### SUPPLIED DATA
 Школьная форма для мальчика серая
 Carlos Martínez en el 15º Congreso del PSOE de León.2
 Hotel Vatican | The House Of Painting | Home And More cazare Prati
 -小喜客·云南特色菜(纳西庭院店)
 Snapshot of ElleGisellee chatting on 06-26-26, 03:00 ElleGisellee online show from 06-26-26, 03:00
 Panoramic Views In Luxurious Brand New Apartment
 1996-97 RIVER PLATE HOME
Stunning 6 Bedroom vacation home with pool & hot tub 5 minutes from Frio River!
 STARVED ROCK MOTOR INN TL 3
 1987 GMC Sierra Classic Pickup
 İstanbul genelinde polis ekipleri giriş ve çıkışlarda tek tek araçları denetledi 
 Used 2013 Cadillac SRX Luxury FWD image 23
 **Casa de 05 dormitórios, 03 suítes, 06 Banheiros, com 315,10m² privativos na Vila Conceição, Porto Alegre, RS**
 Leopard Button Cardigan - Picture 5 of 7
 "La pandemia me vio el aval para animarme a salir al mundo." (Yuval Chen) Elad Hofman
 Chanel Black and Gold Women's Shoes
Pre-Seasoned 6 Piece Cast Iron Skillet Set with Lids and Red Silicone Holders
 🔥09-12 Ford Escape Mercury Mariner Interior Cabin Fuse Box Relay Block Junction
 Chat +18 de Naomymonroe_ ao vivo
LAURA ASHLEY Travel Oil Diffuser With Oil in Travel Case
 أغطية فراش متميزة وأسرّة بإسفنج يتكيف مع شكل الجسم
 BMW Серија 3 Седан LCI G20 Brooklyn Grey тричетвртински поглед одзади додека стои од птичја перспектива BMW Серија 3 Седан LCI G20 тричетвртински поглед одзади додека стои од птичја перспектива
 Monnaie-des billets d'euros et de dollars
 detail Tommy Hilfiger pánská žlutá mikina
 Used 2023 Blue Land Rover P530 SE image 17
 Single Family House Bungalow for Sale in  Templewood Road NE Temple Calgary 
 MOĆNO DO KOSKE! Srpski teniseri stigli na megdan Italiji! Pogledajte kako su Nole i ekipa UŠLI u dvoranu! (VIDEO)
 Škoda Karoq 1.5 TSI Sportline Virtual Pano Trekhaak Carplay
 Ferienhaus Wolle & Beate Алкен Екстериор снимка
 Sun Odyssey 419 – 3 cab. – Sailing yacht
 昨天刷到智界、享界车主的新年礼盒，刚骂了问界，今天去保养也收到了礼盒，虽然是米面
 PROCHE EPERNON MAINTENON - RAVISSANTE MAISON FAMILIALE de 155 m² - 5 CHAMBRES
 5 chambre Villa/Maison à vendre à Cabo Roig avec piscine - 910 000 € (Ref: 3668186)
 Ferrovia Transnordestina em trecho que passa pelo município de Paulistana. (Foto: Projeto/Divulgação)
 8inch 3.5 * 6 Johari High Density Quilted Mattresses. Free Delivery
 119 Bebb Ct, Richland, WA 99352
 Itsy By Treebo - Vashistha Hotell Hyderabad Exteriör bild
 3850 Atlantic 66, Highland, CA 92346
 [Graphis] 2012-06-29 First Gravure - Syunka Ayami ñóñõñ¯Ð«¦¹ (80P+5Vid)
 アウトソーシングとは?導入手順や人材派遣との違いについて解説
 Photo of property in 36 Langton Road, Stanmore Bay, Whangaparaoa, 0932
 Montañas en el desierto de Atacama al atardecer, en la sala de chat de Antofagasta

### WHAT YOU HAVE TO DO
The expected answer is the lines from the one containing "Sun Odyssey 419 – 3 cab. – Sailing yacht" through the end of the material, reproduced exactly with both ends kept.

### ANSWER SPACE
 Sun Odyssey 419 – 3 cab. – Sailing yacht
 昨天刷到智界、享界车主的新年礼盒，刚骂了问界，今天去保养也收到了礼盒，虽然是米面
 PROCHE EPERNON MAINTENON - RAVISSANTE MAISON FAMILIALE de 155 m² - 5 CHAMBRES
 5 chambre Villa/Maison à vendre à Cabo Roig avec piscine - 910 000 € (Ref: 3668186)
 Ferrovia Transnordestina em trecho que passa pelo município de Paulistana. (Foto: Projeto/Divulgação)
 8inch 3.5 * 6 Johari High Density Quilted Mattresses. Free Delivery
 119 Bebb Ct, Richland, WA 99352
 Itsy By Treebo - Vashistha Hotell Hyderabad Exteriör bild
 3850 Atlantic 66, Highland, CA 92346
 [Graphis] 2012-06-29 First Gravure - Syunka Ayami ñóñõñ¯Ð«¦¹ (80P+5Vid)
 アウトソーシングとは?導入手順や人材派遣との違いについて解説
 Photo of property in 36 Langton Road, Stanmore Bay, Whangaparaoa, 0932
 Montañas en el desierto de Atacama al atardecer, en la sala de chat de Antofagasta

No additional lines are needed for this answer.